Notons aussi que La Monnaie découvre certains talents majeurs du monde lyrique : Susan Chilcott y chante dès 1994 dans le légendaire Peter Grimes de Willy Decker, la production préférée de Bernard Foccroulle ; elle reviendra chaque saison : le compositeur dans Ariadne, Desdemona dans Otello, Alice dans Falstaff, La Gouvernante dans Le Tour d’Ecrou, Hermione dans Wintermärchen, elle chantera d’ailleurs le dernier concert de sa courte vie à Bruxelles.


Peter Grimes de Willy Decker - Susan Chilcott au centre - © Johan Jacobs 1994

Peter Mattei est très vite repéré, il chante Harlekin dans Ariadne puis revient pour le Comte des Nozze, le rôle-titre de Don Giovanni et Eugène Onégine, un an avant Aix.

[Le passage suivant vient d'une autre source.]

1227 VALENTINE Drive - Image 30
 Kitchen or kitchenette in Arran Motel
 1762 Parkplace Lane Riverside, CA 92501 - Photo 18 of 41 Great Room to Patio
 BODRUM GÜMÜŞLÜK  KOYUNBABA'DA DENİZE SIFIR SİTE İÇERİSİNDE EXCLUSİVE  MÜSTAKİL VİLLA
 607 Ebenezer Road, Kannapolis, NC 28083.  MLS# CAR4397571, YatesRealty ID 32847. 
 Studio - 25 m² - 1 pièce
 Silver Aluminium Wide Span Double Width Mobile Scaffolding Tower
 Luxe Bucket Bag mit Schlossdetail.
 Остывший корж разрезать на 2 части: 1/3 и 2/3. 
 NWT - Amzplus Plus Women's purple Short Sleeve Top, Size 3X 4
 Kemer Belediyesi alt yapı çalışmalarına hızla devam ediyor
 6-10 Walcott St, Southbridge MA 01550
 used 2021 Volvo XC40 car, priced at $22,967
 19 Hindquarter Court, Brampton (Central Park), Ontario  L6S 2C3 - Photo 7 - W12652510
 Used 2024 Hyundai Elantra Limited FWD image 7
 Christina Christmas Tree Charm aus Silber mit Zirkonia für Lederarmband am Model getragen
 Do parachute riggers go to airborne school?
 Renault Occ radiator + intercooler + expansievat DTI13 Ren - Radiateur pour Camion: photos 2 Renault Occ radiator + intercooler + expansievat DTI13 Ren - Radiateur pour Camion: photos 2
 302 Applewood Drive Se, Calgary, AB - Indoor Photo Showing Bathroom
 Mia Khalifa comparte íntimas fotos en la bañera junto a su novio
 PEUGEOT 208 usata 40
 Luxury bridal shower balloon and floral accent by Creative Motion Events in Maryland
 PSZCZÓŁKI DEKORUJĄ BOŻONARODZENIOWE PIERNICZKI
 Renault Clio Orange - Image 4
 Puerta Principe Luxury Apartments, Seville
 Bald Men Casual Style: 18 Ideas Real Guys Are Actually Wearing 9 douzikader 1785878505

Nina Stemme et Peter Mattei dans l'Eugene Onegine de Christoph Loy - © Johan Jacobs 1994

Mais Foccroulle est fatigué, il traîne son allure fantomatique dans les rues de Bruxelles : sa mine est à faire peur. Le musicien a envie de retrouver ses orgues, ses églises ; de pouvoir – autiste - plonger le nez dans une partition et faire hurler les tubes comme bon lui semble. Les syndicats, les divas, la presse, tout cela l’épuise et vient à bout de sa belle énergie. On chuchote que Wolfgang Wagner pense à lui pour reprendre Bayreuth : c’est inutile, il ne veut plus d’une maison d’opéra. Le Châtelet insiste pour qu’il succède à Brossmann : non, rien n’y fait. Alors il décide gentiment de ne pas aller jusqu’au bout de son troisième mandat et de laisser la place à quelqu’un d’autre.

Le monde lyrique est en pleine effervescence : qui va avoir La Monnaie ? C’est la question qui est sur toutes les lèvres. Très vite, quelques évidences sautent aux yeux : Mortier était flamand, Foccroulle wallon : c’est donc au tour d’un flamand. Mais qui ? Oh il n’en manque pas : Serge Dorny, actuel directeur de l’Opéra de Lyon, Peter de Caluwe, directeur artistique de l’Opéra d’Amsterdam, Marc Clemeur directeur de l’opéra des Flandres et pourquoi pas Gérard Mortier qui bouclerait bien la boucle, vu qu’on ne veut plus vraiment de lui à Paris ? Les étrangers ne sont pas en reste ; on chuchote les noms d’Hervé Boutry, patron de l’Intercontemporain, de Pamela Rosenberg de l’Opéra de San Francisco, de Laurent Langlois, ex directeur de l’Opéra de Rouen, aussi en lice pour l’Opéra Comique. La réponse ne devrait pas tarder à tomber mais tous les bruits s’accordent à dire que Peter de Caluwe serait en tête des suffrages.

Quel que soit l’heureux gagnant de cette vieille bâtisse qu’un bon coup de peinture revigorerait certainement, le défi sera grand et les options de management peu nombreuses : poursuivre sur la route de Mortier et Foccroulle c’est s’exposer à faire du « sous-mortier », changer de direction, c’est courageux… mais La Monnaie est-elle vraiment faite pour emprunter une voie différente ? Nous voilà en tout cas au tournant d’une époque de création artistique passionnante. Il n’y a plus qu’à espérer que le tournant ne soit pas verglacé.